YveYANG Gallery is pleased to present 'On the carpet of leaves illuminated by the moon' by London-based painter Xinran Liu (b. 1998). The exhibition will be on view from October 25 to December 21, 2024, with an opening reception on October 25 from 6–8 pm.
Xinran Liu’s large-scale translations of memory start with a singular color — purple for a visit to her grandmother’s grave, yellow for a glimpse of her parents’ new pet birds, green for the midnight sound of the street outside her window — and emerge tangled and kinetic.
When she begins painting, Liu references a feeling or memory rather than a physical sketch. She reworks her lines and forms until her canvases are much the same as the recollections that spurred them: fleeting but underscored with layers of redirection, like the memories we all recall, misremember, and continuously rewrite. In a yellow-hued painting of a pair of caged birds, the first pets her parents brought into their home in China, Liu began with structural guidelines — stretching and grounding lines which she erased and blurred and layered and repainted until she had set them in motion, wings reaching beyond the confines of a cage rendered nearer to a suggestion than a hardened reality. When they’re finished, Liu’s works are as universally evocative as they are biographical.
Liu translates her first visit to her grandmother’s grave in 'The endless sticky noise and inertia coming out from the bud.' The flowers on the cemetery hill rise to the foreground, reaching toward the upper bounds of the canvas before descending in wilt. It’s a hyper-specific feeling — seeing signifiers of familial love weathered in a cemetery — that Liu transmits in vibrant, textured stems below a flattened orb of moonlight. Is it sharing or stealing light? The artist delves further into the memory in a pair of subsequent paintings: one centers on the entrancing immediacy of grief, and the other probes mythical ideations of death. The flowering trigger of the memory rears itself in each.

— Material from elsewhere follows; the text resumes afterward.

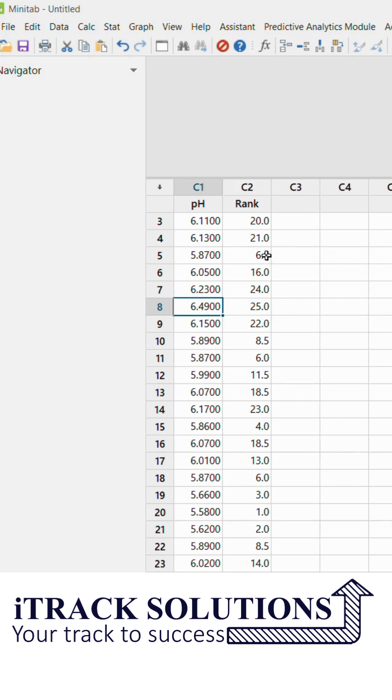So this rank option is required for us to do certain analysis. So at that point of time if you want the rank to be assessed and stored in a separate column, we can use this rank option available in Minitab.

Seeds of memory are easily transmittable in Liu’s hand, which imparts the feelings that have maintained the memories in Liu’s mind for so long. The artist’s work speaks to the universality of even hyper-specific circumstances: melancholy amidst beauty, happiness, and motion inside the bounds of a cage.
Liu earned a BFA from the School of the Art Institute of Chicago and an MFA from the Royal College of Art in London. She lives and works in London.
Text by Elaine Velie.
About the Artist
Xinran Liu (b. 1998, Chengdu) is a Chinese artist based in London. She holds a BFA from the School of the Art Institute of Chicago and received her MFA in Painting from the Royal College of Art. In 2023, Liu was shortlisted for the Chadwell Award. She creates artwork that stores her memories, transforming these moments into graphic narrations and textual illustrations. Liu’s works have been exhibited internationally in cities including London, Shanghai, Beijing, Taichung, Hong Kong, and Chicago.